July 02--One of the joys of a sweltering North Shore summer evening is a pilgrimage to the Dairy Queen. One of our favorites is a no-frills DQ on Lake Avenue in Wilmette.
This is an Old School DQ, built in 1957. No seating. A cramped vestibule and counter. A banging screen door, and on sultry summer nights, lines of customers -- boisterous softball teams, bedraggled parents trailing children, squadrons of teens -- snaking out both doors.
Which is great for owner Bill Ridge's business, except for one thing: parking. There isn't much.
This DQ doesn't sit on a vast expanse of suburban real estate; more like a cubicle of asphalt. For years, customers approaching the DQ have pulled into the parking lot next door, where there's a Starbucks emporium, plus a Jimmy John's sandwich shop and other businesses. The DQ customers didn't pay much heed to parking lot signs warning that interlopers could be towed because, in general, they weren't.
This spring, however, the owners of that next-door lot cracked down on the DQ intruders. Even those customers who briefly alighted could find themselves booted after a few minutes, even a few seconds. That added $130 to the cost of that chocolate-chip banana Blizzard.
"Two minutes after I left my car, they booted me," Glenview resident Heidi Rosenberg told a Pioneer Press reporter. "It left a bad taste in my mouth. ... It's an ugly way to handle the problem."
Shades of folk singer Steve Goodman's famous "Lincoln Park Pirates."
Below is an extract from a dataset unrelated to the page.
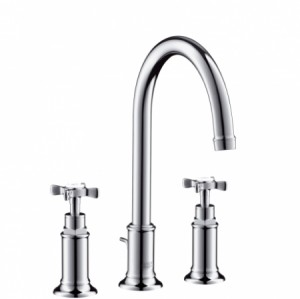 Hansgrohe 3-Loch Waschtischarmatur Axor Montreux Standmodell chrom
Recently, the ugliness apparently snowballed into a full-scale meltdown: Wilmette police reported that someone threw rocks through the windows of two businesses fronting that parking lot. One business received a letter threatening escalating retaliation if "illegal booting keeps going on ..."
We pause here for a disclosure: We know Ridge and are longtime customers of his DQ. We have on occasion availed ourselves (momentarily!) of the next door parking lot when the DQ lot is filled.
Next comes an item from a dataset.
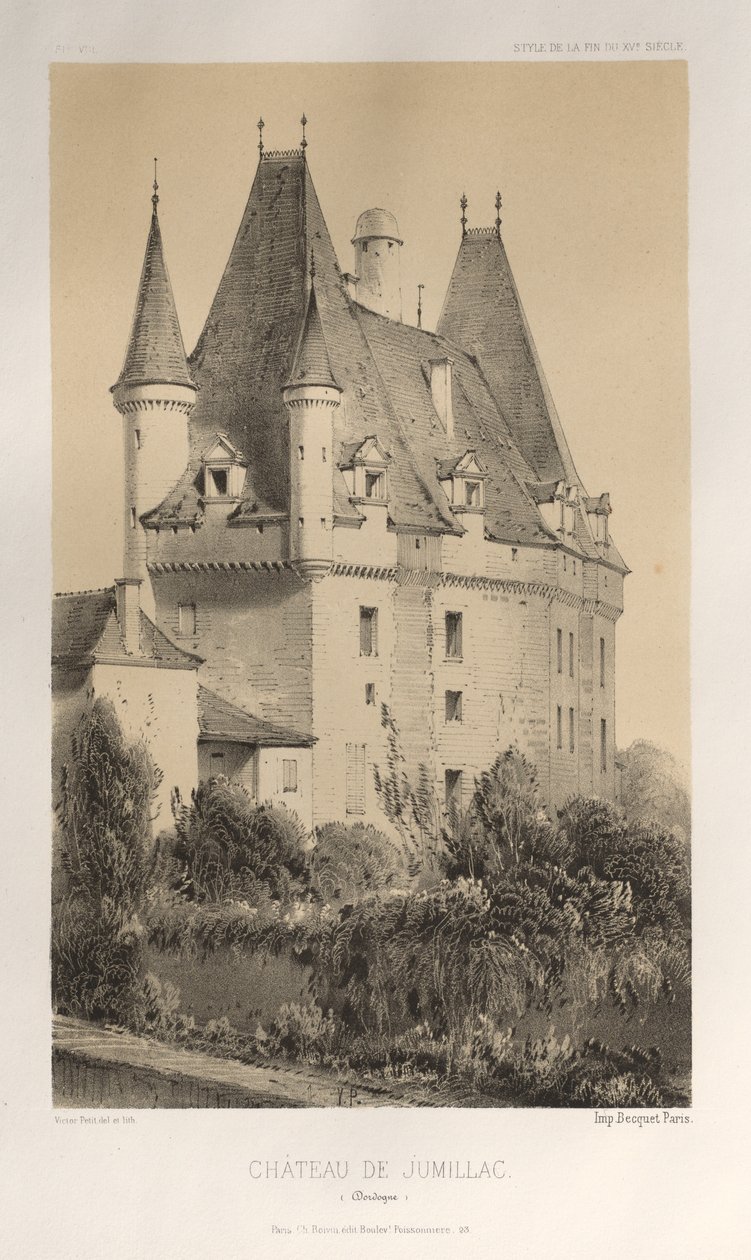 Château De Jumillac Dordogne, 1860 by Victor Petit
That said, as devotees of free markets and the rights of property owners, we sympathize with MJK Real Estate and its defense of parking spaces for its tenants and their customers. The property manager, who declined to be identified, tells us that he has been "hindered" in leasing out the building because of scarce parking. "It's just a very difficult situation."
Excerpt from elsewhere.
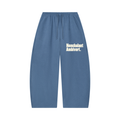 Unisex Waffle Barrel Leg Pants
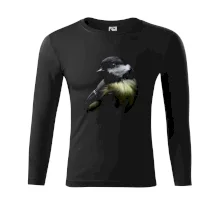 Sýkorka koňadra čierna fotka Sýkorka koňadra čierna fotka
In recent weeks, a glimmer of good news: MJK has agreed to end booting after 9 p.m., giving DQ customers a free hour or so before the DQ closes. That's a good start on what we hope becomes a full-blown truce.
We'd like to encourage both sides to seek a gentler solution.
Would DQ customers be willing to fork over a nominal fee for a brief parking lot visit? We would.
Could the DQ offer some sort of blandishment -- free banana splits? -- to customers or tenants next door as a quid pro quo for allowing DQ customers a few minutes to linger over cones?
Could there simply be a short grace period (longer than five seconds) while customers get their DQ fix, with clear signs warning that DQ customers can't dawdle in the lot?
Ridge says his family has owned this DQ since 1966 and "we've never seen anything" like this parking lot tempest. He says some customers have vowed not to return because of the booting threat.
Life without DQ? Unthinkable.
We can only imagine one benefit from this parking lot war. Knowing that the boot looms should help customers decide faster -- chocolate or vanilla? Dilly or Buster bar? That should keep those long lines moving.